--- TASK INPUTS Enclosed Below ---

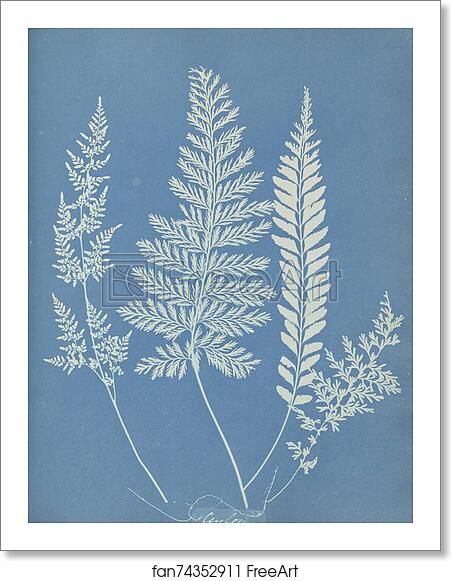 Free art print of Ceylon by Anna Atkins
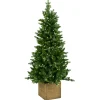 Norfolk pe table tree w/pot 137cm 200l transfo|ohgreen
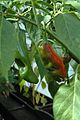 Fruits of C. annuum cv. 'NuMex Big Jim'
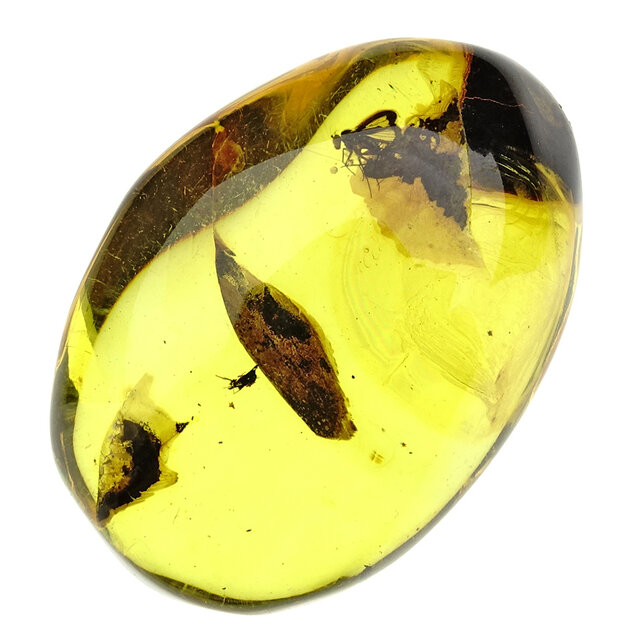 Baltic amber with enclosed fly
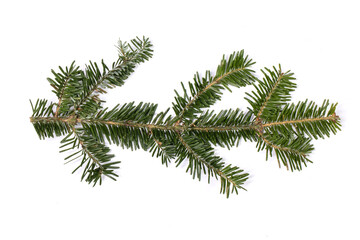 Fir tree branch on white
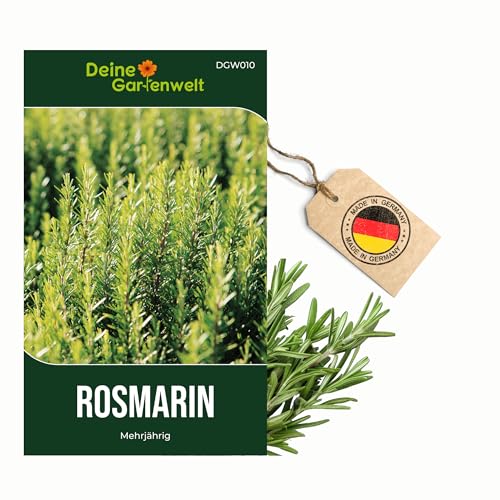 Rosmarin Mehrjährig Samen - Rosmarinus officinalis - Rosmarinsamen - Kräutersamen - Saatgut für 20 Pflanzen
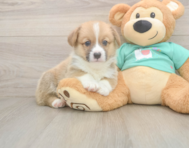 5 week old Pembroke Welsh Corgi Puppy For Sale - Premier Pups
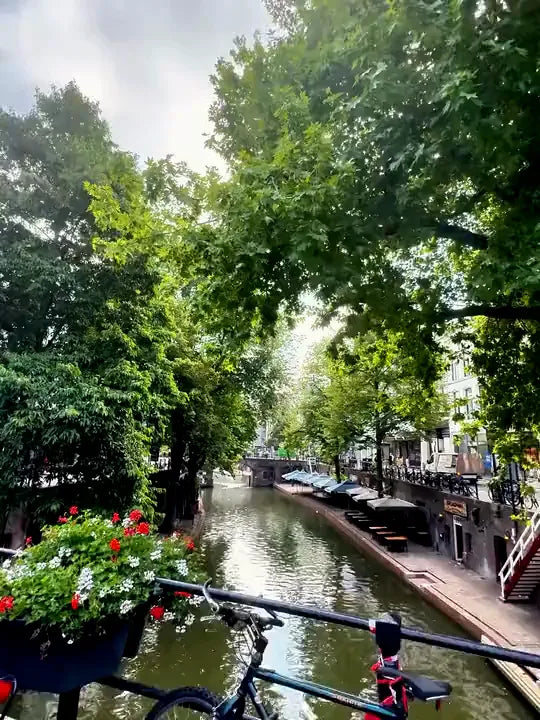 Gliding along the canals. This is Utrecht at its best. ✨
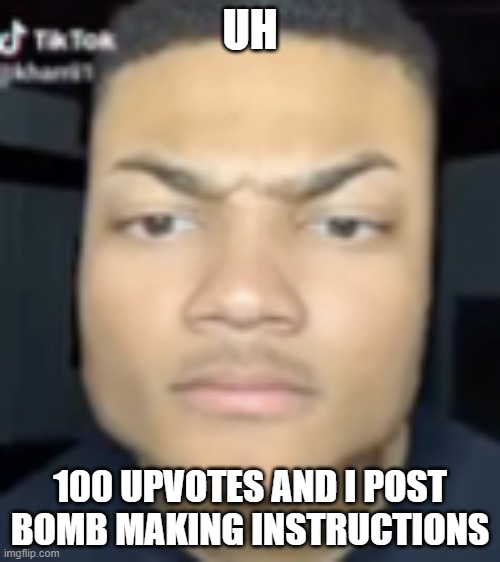 fr tho | UH; 100 UPVOTES AND I POST BOMB MAKING INSTRUCTIONS | image tagged in minecraft head guy | made w/ Imgflip meme maker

--- End of Enclosed TASK INPUTS ---

WHAT IS EXPECTED
Leave out the pictures, and give all the records again exactly.

RESPONSE AREA
 Free art print of Ceylon by Anna Atkins
 Norfolk pe table tree w/pot 137cm 200l transfo|ohgreen
 Fruits of C. annuum cv. 'NuMex Big Jim'
 Baltic amber with enclosed fly
 Fir tree branch on white
 Rosmarin Mehrjährig Samen - Rosmarinus officinalis - Rosmarinsamen - Kräutersamen - Saatgut für 20 Pflanzen
 5 week old Pembroke Welsh Corgi Puppy For Sale - Premier Pups
 Gliding along the canals. This is Utrecht at its best. ✨
 fr tho | UH; 100 UPVOTES AND I POST BOMB MAKING INSTRUCTIONS | image tagged in minecraft head guy | made w/ Imgflip meme maker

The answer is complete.